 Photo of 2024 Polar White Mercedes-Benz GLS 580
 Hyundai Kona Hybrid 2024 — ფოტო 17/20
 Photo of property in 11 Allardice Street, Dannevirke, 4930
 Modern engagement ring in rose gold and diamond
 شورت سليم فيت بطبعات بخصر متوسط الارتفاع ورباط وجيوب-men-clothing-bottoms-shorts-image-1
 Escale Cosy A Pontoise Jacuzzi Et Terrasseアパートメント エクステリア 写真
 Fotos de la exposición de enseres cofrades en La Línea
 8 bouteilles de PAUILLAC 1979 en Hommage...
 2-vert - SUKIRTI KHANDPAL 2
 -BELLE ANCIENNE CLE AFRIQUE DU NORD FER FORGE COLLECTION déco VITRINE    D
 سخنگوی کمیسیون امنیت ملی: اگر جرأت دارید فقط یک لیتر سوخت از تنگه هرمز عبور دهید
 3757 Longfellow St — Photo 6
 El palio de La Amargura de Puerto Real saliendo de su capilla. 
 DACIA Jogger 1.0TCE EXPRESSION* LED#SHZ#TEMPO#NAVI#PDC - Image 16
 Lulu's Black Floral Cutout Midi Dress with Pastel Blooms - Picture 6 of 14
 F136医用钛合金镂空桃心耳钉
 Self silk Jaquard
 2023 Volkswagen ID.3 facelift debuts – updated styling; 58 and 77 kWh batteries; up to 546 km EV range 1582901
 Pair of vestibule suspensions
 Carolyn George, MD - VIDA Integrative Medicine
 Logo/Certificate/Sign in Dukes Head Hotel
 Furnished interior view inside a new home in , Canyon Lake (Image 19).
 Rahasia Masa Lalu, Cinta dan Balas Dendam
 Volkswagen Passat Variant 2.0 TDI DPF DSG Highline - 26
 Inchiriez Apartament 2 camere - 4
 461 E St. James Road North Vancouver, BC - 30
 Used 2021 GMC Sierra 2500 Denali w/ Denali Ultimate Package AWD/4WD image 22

########

Repeat exactly the lines above, starting with the line that contains "سخنگوی کمیسیون امنیت" and ending with the last line, both included, and nothing else.

### Solution to the exercise
 سخنگوی کمیسیون امنیت ملی: اگر جرأت دارید فقط یک لیتر سوخت از تنگه هرمز عبور دهید
 3757 Longfellow St — Photo 6
 El palio de La Amargura de Puerto Real saliendo de su capilla. 
 DACIA Jogger 1.0TCE EXPRESSION* LED#SHZ#TEMPO#NAVI#PDC - Image 16
 Lulu's Black Floral Cutout Midi Dress with Pastel Blooms - Picture 6 of 14
 F136医用钛合金镂空桃心耳钉
 Self silk Jaquard
 2023 Volkswagen ID.3 facelift debuts – updated styling; 58 and 77 kWh batteries; up to 546 km EV range 1582901
 Pair of vestibule suspensions
 Carolyn George, MD - VIDA Integrative Medicine
 Logo/Certificate/Sign in Dukes Head Hotel
 Furnished interior view inside a new home in , Canyon Lake (Image 19).
 Rahasia Masa Lalu, Cinta dan Balas Dendam
 Volkswagen Passat Variant 2.0 TDI DPF DSG Highline - 26
 Inchiriez Apartament 2 camere - 4
 461 E St. James Road North Vancouver, BC - 30
 Used 2021 GMC Sierra 2500 Denali w/ Denali Ultimate Package AWD/4WD image 22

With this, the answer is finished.